### TASK DIRECTIONS
No picture belongs in the answer, which must hold exactly the lines from the one with "LACEY FOREST - Residential" through the final line below.

──────────

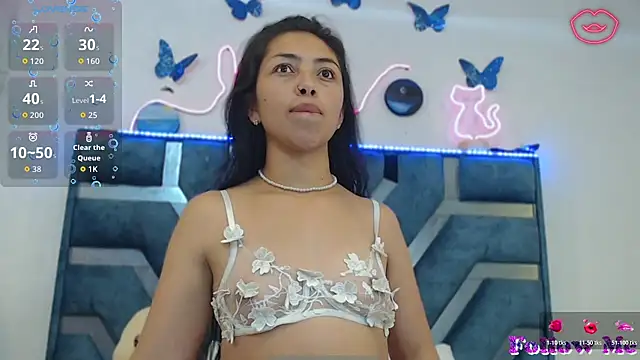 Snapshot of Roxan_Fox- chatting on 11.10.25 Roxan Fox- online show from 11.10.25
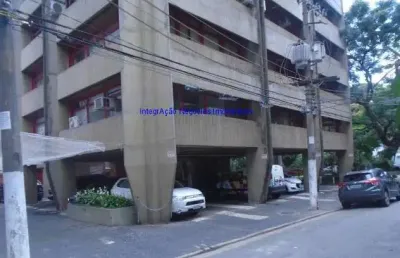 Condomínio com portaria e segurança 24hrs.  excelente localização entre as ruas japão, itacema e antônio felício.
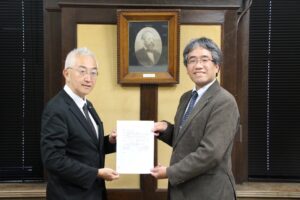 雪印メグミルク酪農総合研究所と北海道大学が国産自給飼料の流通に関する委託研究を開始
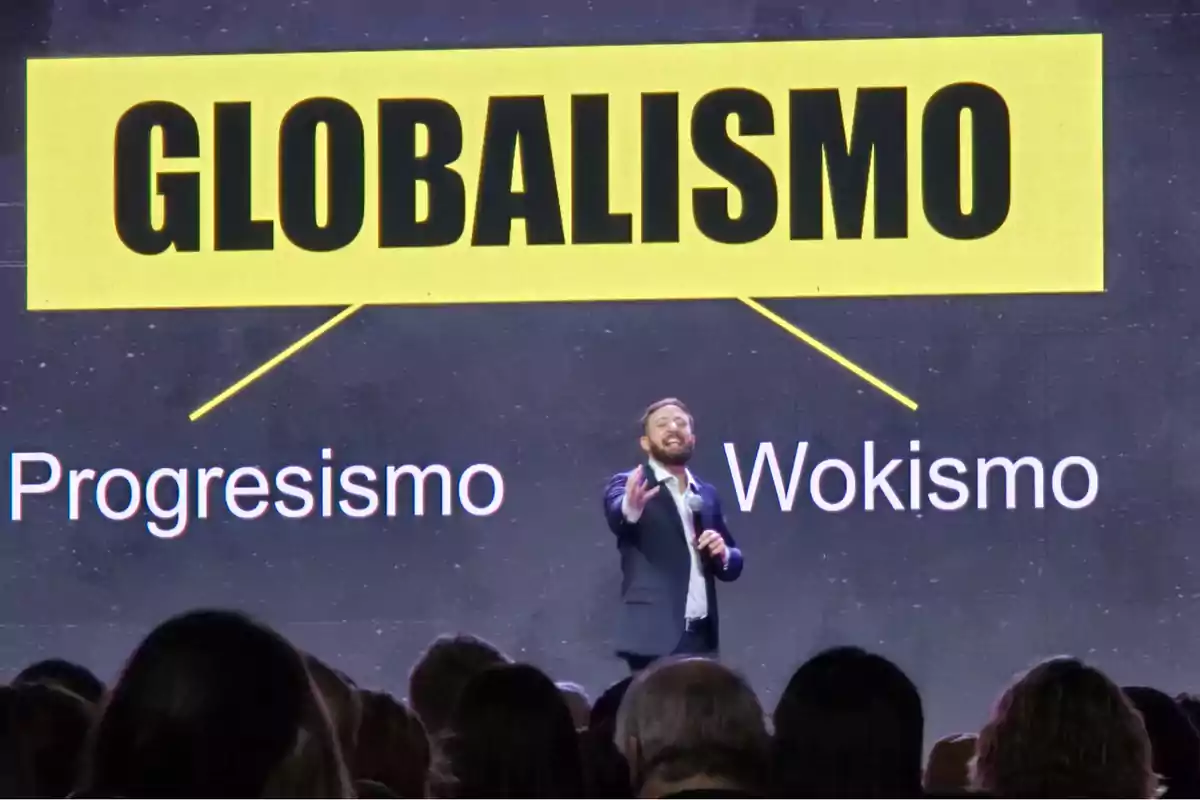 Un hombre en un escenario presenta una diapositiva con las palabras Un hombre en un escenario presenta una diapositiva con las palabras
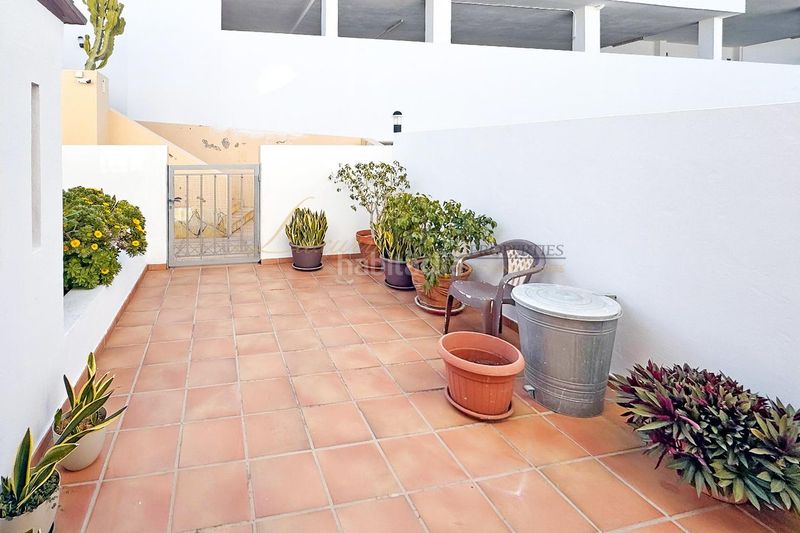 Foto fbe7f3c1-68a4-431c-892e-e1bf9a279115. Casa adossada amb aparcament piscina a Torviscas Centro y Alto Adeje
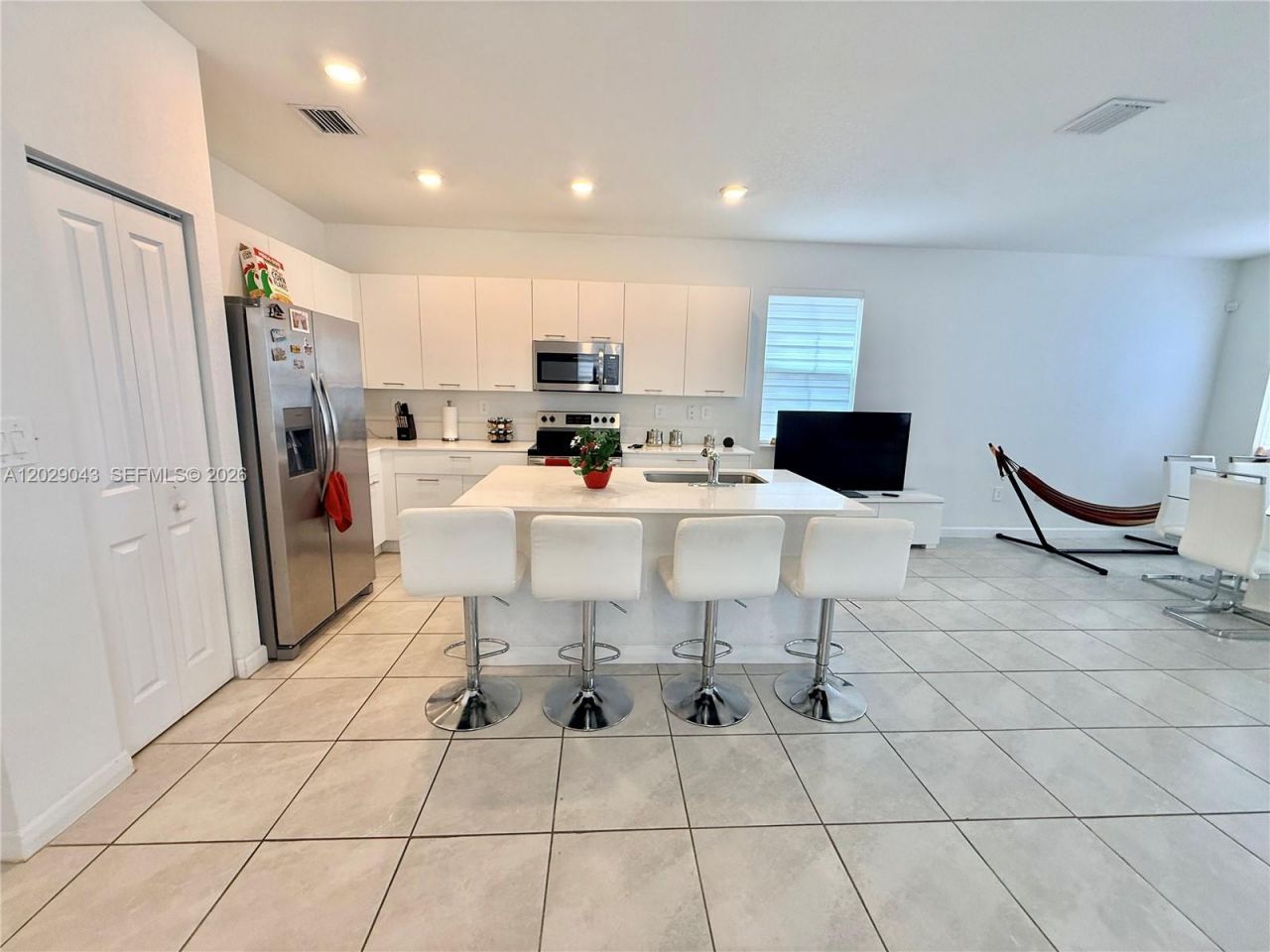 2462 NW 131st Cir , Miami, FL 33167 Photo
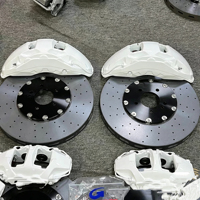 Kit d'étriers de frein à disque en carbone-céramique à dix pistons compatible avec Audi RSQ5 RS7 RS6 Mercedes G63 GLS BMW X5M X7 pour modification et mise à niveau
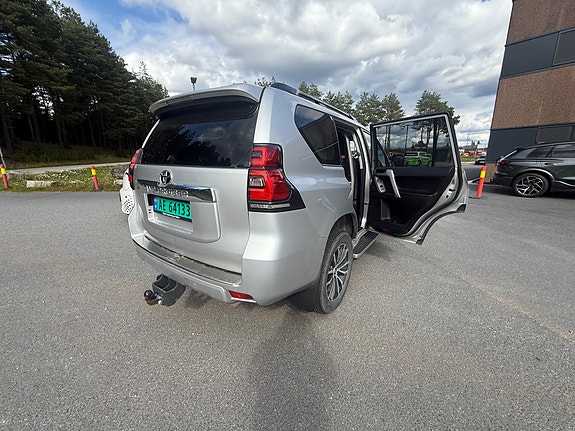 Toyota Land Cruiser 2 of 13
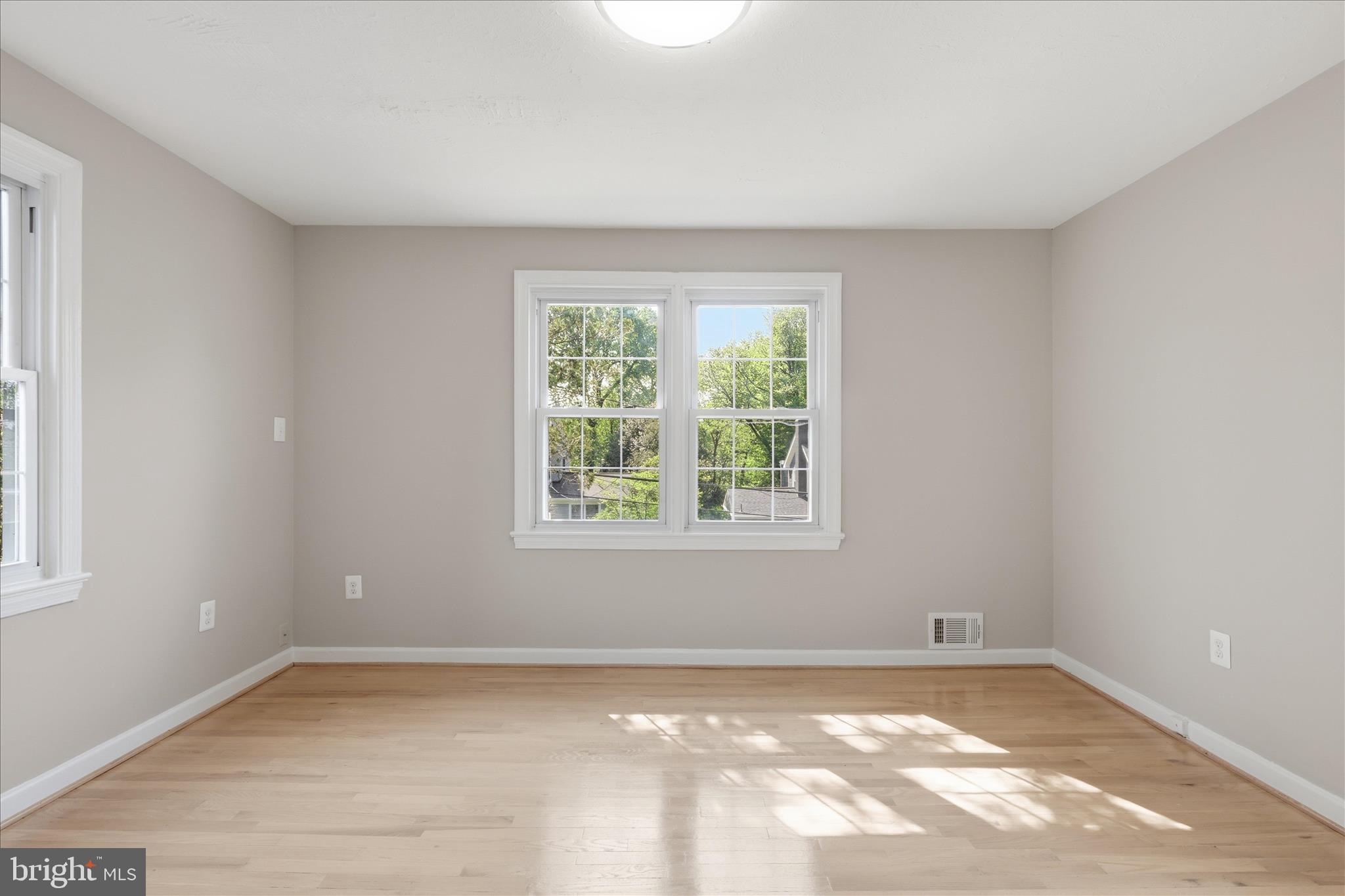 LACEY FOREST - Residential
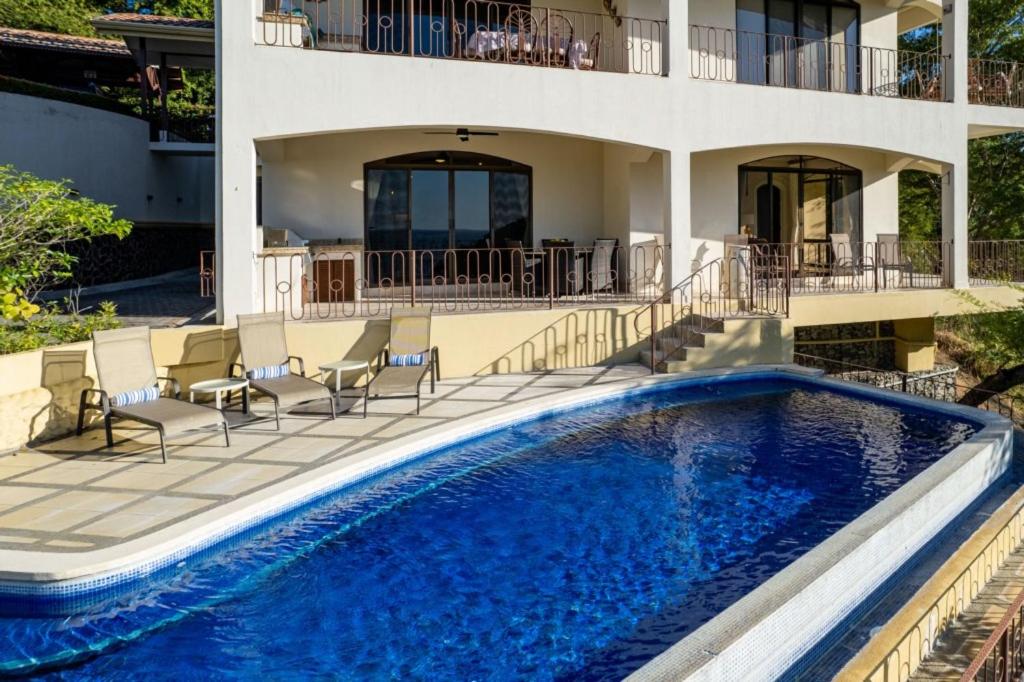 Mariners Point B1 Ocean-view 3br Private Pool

──────────

### WRITTEN SOLUTION
 LACEY FOREST - Residential
 Mariners Point B1 Ocean-view 3br Private Pool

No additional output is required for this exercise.